Government contracting has a 100x overbuilding problem. Internal apps serving dozens of users get architected like they're competing with Amazon. The taxpayer pays for it. The mission suffers.

Intelligrit LLC | March 2026

Bottom Line Up Front

Your internal systems take 18 months instead of 60 days because they're overbuilt by 100x. Teams architect for millions of users when the app will serve dozens. They choose complex deployment schemes that turn every change into a multi-team coordination exercise. And every unnecessary layer — each microservice, each orchestrator, each environment — multiplies the security reviews, ATO documentation, and operational burden that already make government delivery slow.

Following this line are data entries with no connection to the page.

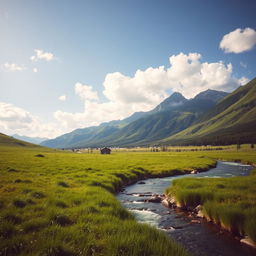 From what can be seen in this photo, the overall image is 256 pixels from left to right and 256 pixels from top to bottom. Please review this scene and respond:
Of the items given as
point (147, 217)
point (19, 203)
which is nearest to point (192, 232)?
point (147, 217)

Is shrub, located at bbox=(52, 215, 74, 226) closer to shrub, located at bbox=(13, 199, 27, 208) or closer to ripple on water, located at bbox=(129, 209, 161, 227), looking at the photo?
shrub, located at bbox=(13, 199, 27, 208)

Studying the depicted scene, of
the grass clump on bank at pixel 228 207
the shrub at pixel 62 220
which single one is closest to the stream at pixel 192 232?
the grass clump on bank at pixel 228 207

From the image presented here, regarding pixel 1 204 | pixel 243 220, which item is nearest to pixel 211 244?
pixel 243 220

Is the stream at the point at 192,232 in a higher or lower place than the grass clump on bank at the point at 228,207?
lower

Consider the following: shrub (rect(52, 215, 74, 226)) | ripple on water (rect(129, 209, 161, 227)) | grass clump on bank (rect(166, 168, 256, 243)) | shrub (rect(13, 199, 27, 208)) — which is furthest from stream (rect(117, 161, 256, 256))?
shrub (rect(13, 199, 27, 208))

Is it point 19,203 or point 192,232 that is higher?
point 19,203

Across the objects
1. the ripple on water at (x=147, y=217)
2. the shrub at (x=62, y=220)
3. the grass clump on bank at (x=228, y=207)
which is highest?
the shrub at (x=62, y=220)

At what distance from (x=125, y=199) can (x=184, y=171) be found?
29604 mm

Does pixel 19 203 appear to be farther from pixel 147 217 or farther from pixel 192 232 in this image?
pixel 192 232

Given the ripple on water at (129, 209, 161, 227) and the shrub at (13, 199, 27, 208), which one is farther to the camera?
the ripple on water at (129, 209, 161, 227)

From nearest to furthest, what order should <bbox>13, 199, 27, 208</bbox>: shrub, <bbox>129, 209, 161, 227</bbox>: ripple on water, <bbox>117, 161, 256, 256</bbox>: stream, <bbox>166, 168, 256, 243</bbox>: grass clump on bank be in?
<bbox>117, 161, 256, 256</bbox>: stream < <bbox>13, 199, 27, 208</bbox>: shrub < <bbox>166, 168, 256, 243</bbox>: grass clump on bank < <bbox>129, 209, 161, 227</bbox>: ripple on water

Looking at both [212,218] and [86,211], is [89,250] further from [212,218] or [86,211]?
[212,218]

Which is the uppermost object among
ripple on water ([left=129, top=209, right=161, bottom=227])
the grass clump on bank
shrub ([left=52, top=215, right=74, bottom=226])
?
shrub ([left=52, top=215, right=74, bottom=226])

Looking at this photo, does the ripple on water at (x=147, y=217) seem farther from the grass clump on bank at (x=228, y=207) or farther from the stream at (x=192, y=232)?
the grass clump on bank at (x=228, y=207)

This is a solved problem. A single compiled binary with an embedded database, cache, and storage handles 20,000+ real-world users on one server. Deploys take two commands. Backups are a file copy. Scaling to hundreds of thousands is a config change. The article below explains how, with benchmarks.

The Question Nobody Asks

Before the first sprint planning session, before the CI/CD pipeline is designed, there's one question that should come first:

How many people will actually use this?

In 2014, Mike Acton gave a talk at CppCon called "Data-Oriented Design and C++". The core idea: programmers systematically avoid understanding the actual problem they're solving. They build abstractions on top of abstractions, optimize for imaginary scenarios, and never look at the data. His point was simple: "The best way to solve problems you don't have is to not solve them." Solving imaginary problems doesn't just waste time — it creates concrete problems you now definitely do have. Every unnecessary abstraction, every speculative scaling layer, every "just in case" architecture decision introduces real complexity, real bugs, and real maintenance burden. In highly regulated environments like government, where every component must be documented, audited, and authorized, each imaginary problem you pre-solve multiplies into very real paperwork, very real deploy complexity, and very real security surface area.

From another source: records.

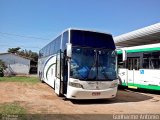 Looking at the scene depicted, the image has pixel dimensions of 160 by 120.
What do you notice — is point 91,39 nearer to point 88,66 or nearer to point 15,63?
point 88,66

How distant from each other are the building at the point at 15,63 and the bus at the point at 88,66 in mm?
41679

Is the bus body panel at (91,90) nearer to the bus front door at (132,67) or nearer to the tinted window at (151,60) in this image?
the tinted window at (151,60)

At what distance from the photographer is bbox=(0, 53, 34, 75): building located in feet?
175

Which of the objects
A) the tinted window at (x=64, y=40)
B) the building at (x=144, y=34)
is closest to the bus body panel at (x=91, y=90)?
the tinted window at (x=64, y=40)

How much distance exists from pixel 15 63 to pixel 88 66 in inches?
1732

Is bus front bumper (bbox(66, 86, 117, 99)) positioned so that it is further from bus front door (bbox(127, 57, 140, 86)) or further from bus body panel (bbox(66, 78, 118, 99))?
bus front door (bbox(127, 57, 140, 86))

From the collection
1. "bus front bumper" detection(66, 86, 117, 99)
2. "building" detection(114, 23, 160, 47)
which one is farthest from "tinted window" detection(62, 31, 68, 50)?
"building" detection(114, 23, 160, 47)

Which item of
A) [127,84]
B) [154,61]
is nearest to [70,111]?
[154,61]

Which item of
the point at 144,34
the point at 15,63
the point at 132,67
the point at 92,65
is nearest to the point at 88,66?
the point at 92,65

This doesn't mean you go in blind. You won't always know exact user counts up front — even government agencies often don't. But you can understand how to structure data without painting yourself into corners. You can make sane technology choices that scale naturally. You can design interfaces that don't assume a specific backend. The goal isn't clairvoyance about your user base — it's discipline about not pre-building for problems that haven't materialized.

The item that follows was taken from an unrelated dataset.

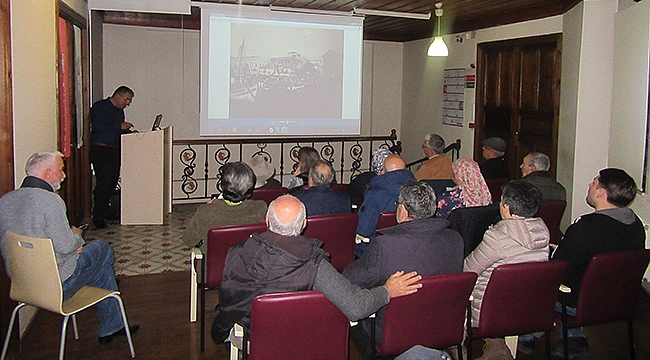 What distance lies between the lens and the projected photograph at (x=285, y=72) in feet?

Most internal government applications have small user bases. A case management tool might serve 30 people. A reporting dashboard, 75. A workflow system, 200. Some serve a few thousand — and yes, some government systems genuinely serve tens of thousands of users. The point isn't that government apps are always small. The point is that the architecture shouldn't assume millions when the reality is hundreds, or even thousands. And the number that matters is concurrent users — people simultaneously making requests at any given moment. An app with 10,000 registered users where each person uses it 30 minutes per day, with all usage falling between 10am and 3pm? That's about 1,000 concurrent users at peak. (30 minutes of use in a 300-minute window = 10% concurrency.) On the right stack, a single server handles that comfortably — and handles 20,000+ real-world users before you even think about scaling. That's not optimistic. That's what a compiled binary with an embedded database and in-process cache actually does on commodity hardware.

The 47-User Architecture

Yet here's what typically gets built:

Typical architecture for a 47-user internal app:

  • Kubernetes cluster across multiple availability zones
  • Helm charts, ArgoCD, GitOps pipeline
  • Container registry, image scanning, promotion workflows
  • Service mesh for inter-service communication
  • Separate microservices for auth, API gateway, business logic, notifications
  • Multi-stage CI/CD with 15+ pipeline steps
  • Secrets management vault with dynamic credential rotation
  • Three environments mirroring production exactly
  • Multi-region failover with automated health checks
  • Centralized logging, distributed tracing, custom dashboards

That's not a system designed to serve 47 users. That's a system designed to employ 47 engineers.

Enterprise Architecture
$4.7M/yr
47 engineers, K8s cluster, service mesh, 15-step CI/CD, three environments
Right-Sized Architecture
$800/mo
Single binary, embedded database, 2-command deploy, one server

The Downstream Explosion

Each architectural layer multiplies work across every compliance dimension

Every unnecessary architectural layer multiplies the work across every dimension of the project. It's not just that the build is more complex — everything connected to it becomes more complex.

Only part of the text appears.